Sì, Pietro Aretino aveva raggiunto una certa fama per le sue opere canzonatorie e burlesche, tipiche della vita e dello spirito della città che lo aveva cresciuto. Ben presto entrò, dopo essersi trasferito da Perugia a Roma, nell’ambiente cortigiano che faceva riferimento a Papa Leone X. Divenne amico di molti letterati e confidente di diplomatici. Riusciva a condurre una vita agiata e brillante commerciando e commissionando quadri per altri, oltre a commercializzare anticaglie e organizzare eventi, spettacoli e burle (una delle sue specialità!).
Pertanto, si inserì nella cultura del tempo con il suo spirito sagace e critico della realtà.
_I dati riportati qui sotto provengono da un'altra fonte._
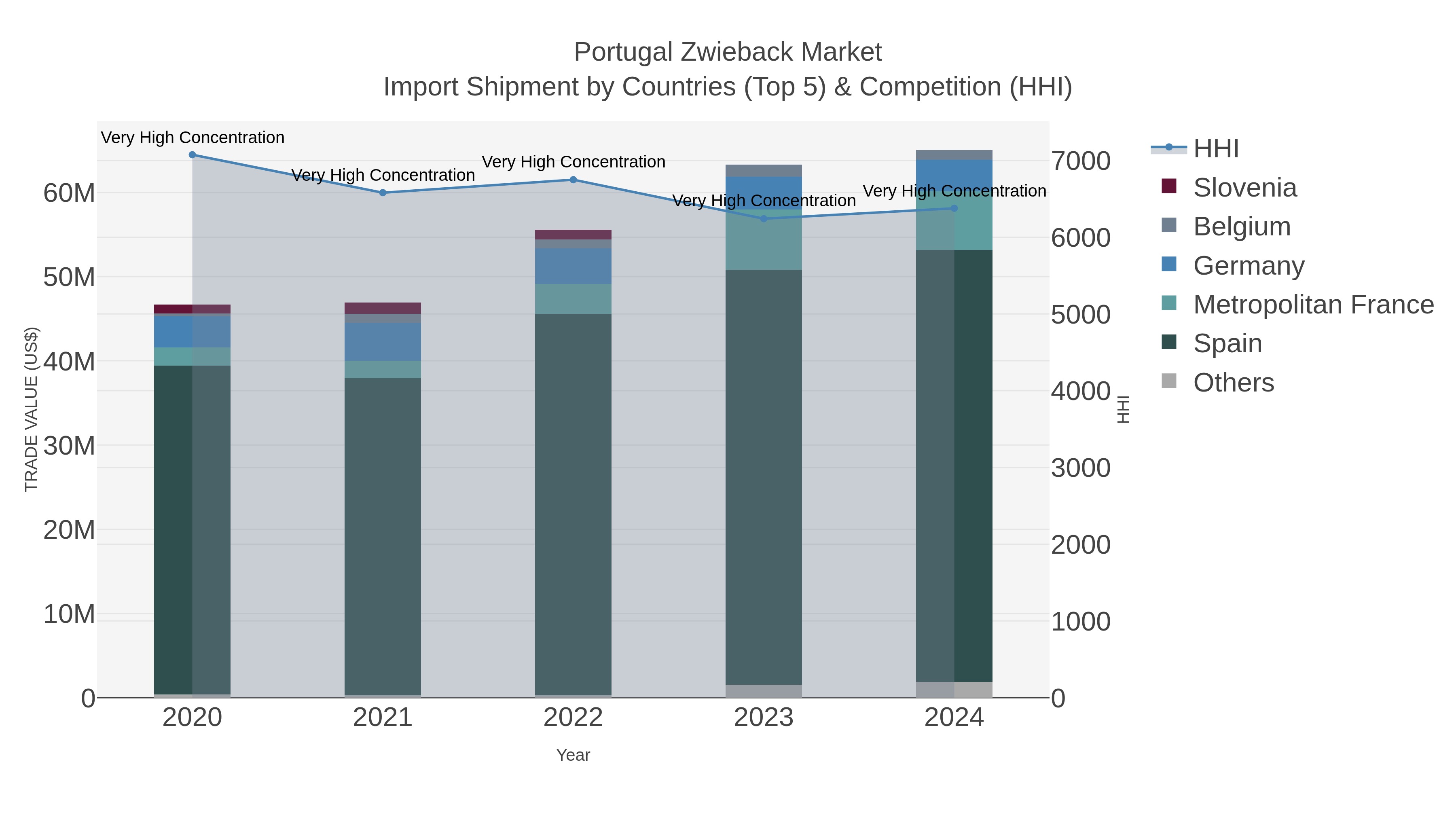 Portugal Zwieback Market Import Shipment by Countries (Top 5) & Competition (HHI)
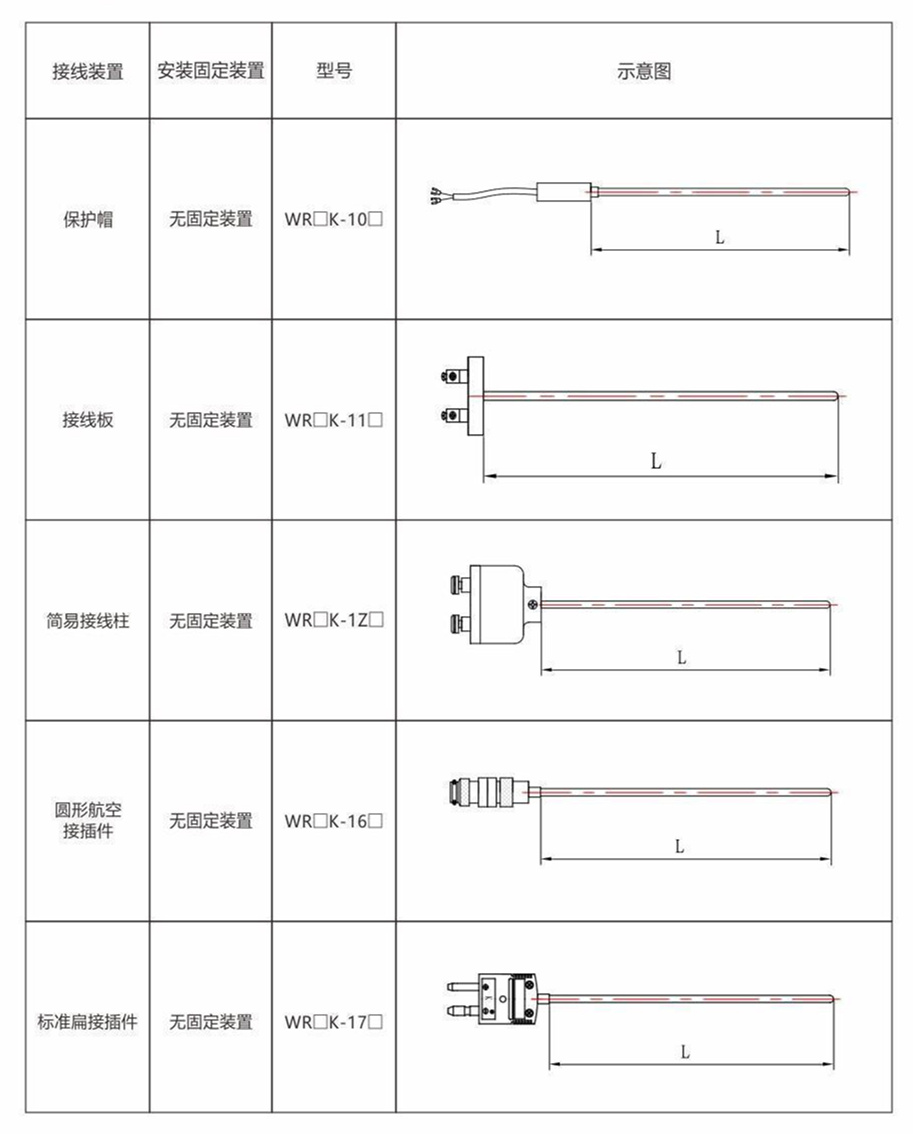 鎧裝熱電偶/熱電阻_http://www.hxdz8.cn_通用溫度傳感器_第8張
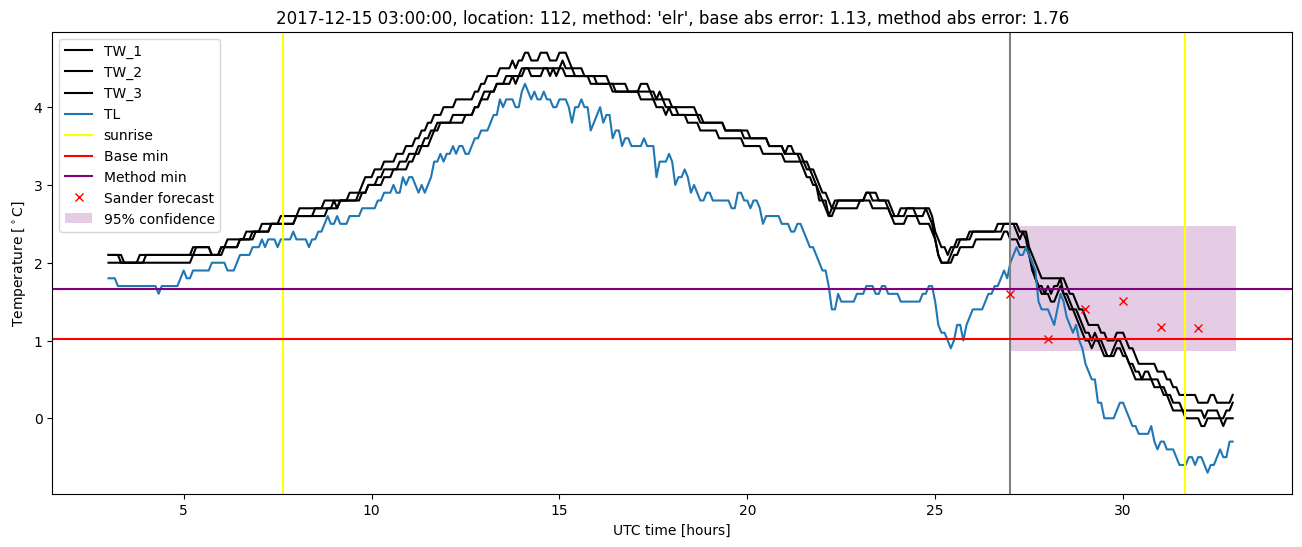 My plot :)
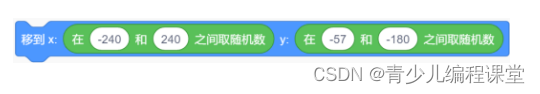 全国青少年信息素养大赛图形化编程初赛·模拟二卷，含答案解析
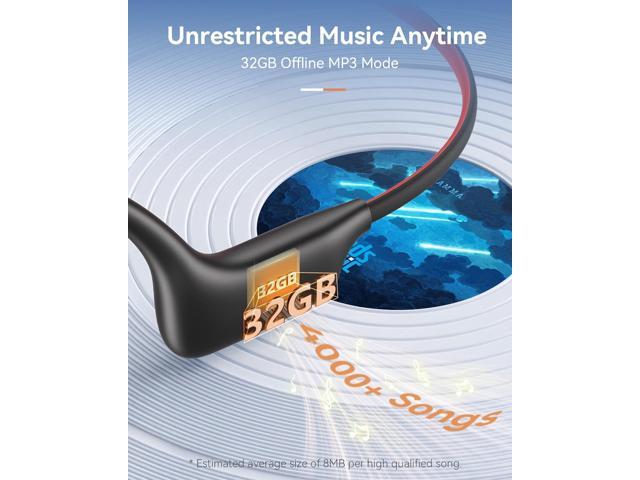 Open Ear Sport Headphones, Wireless Bone Conduction Earphones, Built-in 32GB MP3,with Mic, IP68, Sweat & Water Resistant, Up to 8 Hours Battery,...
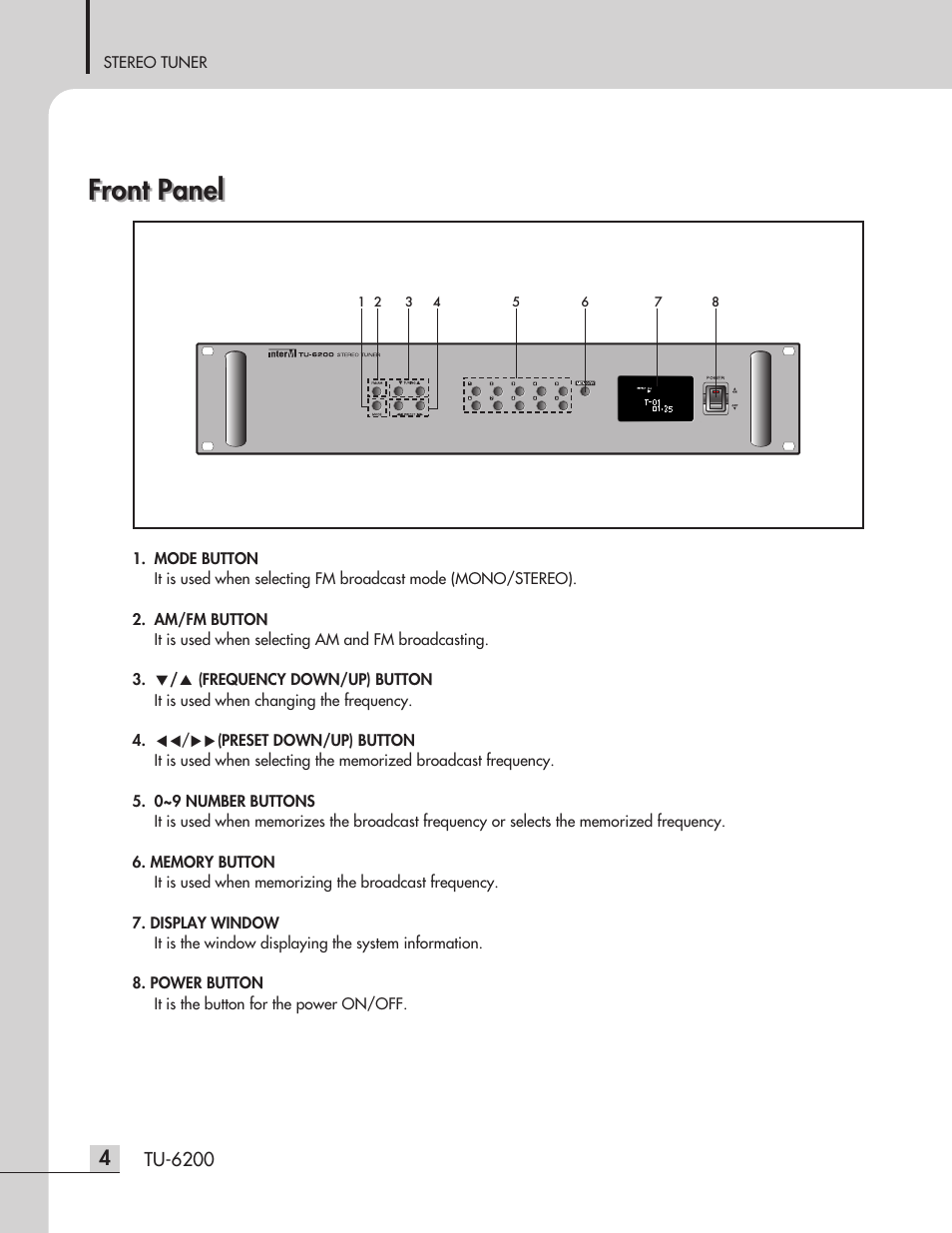 Front panel | Inter-M TU-6200 User Manual | Page 6 / 16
La morte di Leone X offrì a Pietro l’occasione di impegnarsi in un ambito forse troppo importante e pericoloso per lui: partecipò alle “Pasquinate”.
Le pasquinate erano manifestazioni di critica satirica, con l’affissione di cartelli sulle statue della Roma papale.
In quel momento, Pietro era visto come il portavoce del nuovo, del rinnovamento, riflettendo il malcontento pubblico per la condotta del conclave durante l’elezione del nuovo Papa. Tuttavia, questo ruolo lo costrinse ad allontanarsi da Roma durante il papato di Adriano VI, anche se vi fece ritorno con l’ascesa al potere di Clemente VII.
La sua opera segnò l’importanza dell’opinione pubblica, anche se espressa attraverso versi satirici e critiche ironiche. Tuttavia, ciò gli procurò molti nemici a Roma, tanto che nel 1525 subì un attentato: fu pugnalato, ma riuscì a sopravvivere.
Abbandonato dallo stesso Clemente VII, che non ordinò alcuna indagine sull’attentato, Pietro decise di lasciare Roma per sempre.
Due anni dopo, nel 1527, si verificò ciò che le sue pasquinate avevano preannunciato: se non fossero state fatte scelte politiche adeguate, sarebbe avvenuto il “Sacco di Roma”. Fu la partecipazione del Papa alla Lega di Cognac a determinare la devastazione di Roma da parte delle truppe dei Lanzichenecchi (14.000 uomini) e dei soldati spagnoli (6.000 uomini), arruolati da Carlo V d’Asburgo e non pagati.
Questi si rivalsero su Roma e sul Papa, causando la morte di 2.000 cittadini.